● **DATA PROVIDED**:
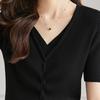 Srcr Silk-Blend Faux-Layer Waist-Defining Short Sleeve Knit Top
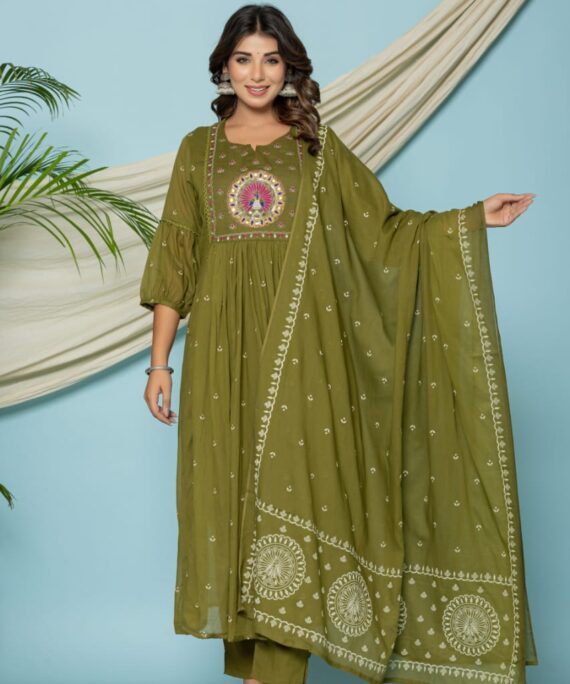 Cotton anarkali suit with different sleeves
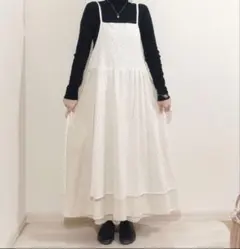 明日投稿最終サマンサモスモス　オーバーレース　キャミワンピース　オフホワイト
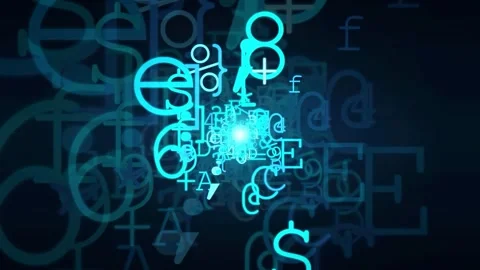 Abstract digital data stream with glowing blue letters and mathematical symbols Видео 343161909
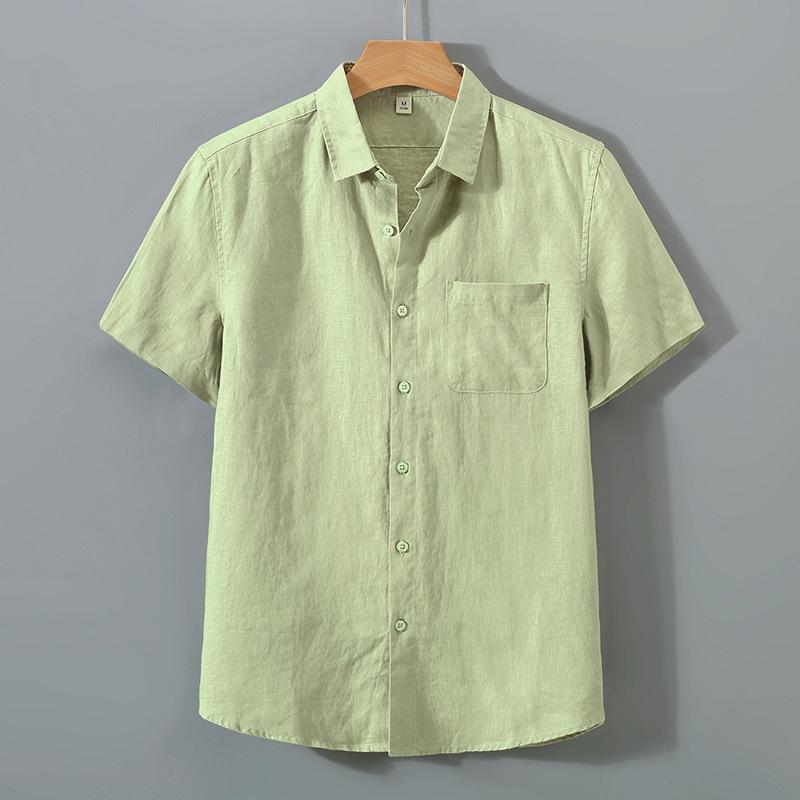 Mens Pure Linen Short Sleeve Shirt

● **TASK INSTRUCTIONS**: All that is needed is the lines from the line holding "明日投稿最終サマンサモスモス　オーバーレース　キャミワンピース　オフホワイト" to the final line of the listing above, repeated exactly, pictures excluded.

● **ANSWER FOR THIS EXERCISE**:
 明日投稿最終サマンサモスモス　オーバーレース　キャミワンピース　オフホワイト
 Abstract digital data stream with glowing blue letters and mathematical symbols Видео 343161909
 Mens Pure Linen Short Sleeve Shirt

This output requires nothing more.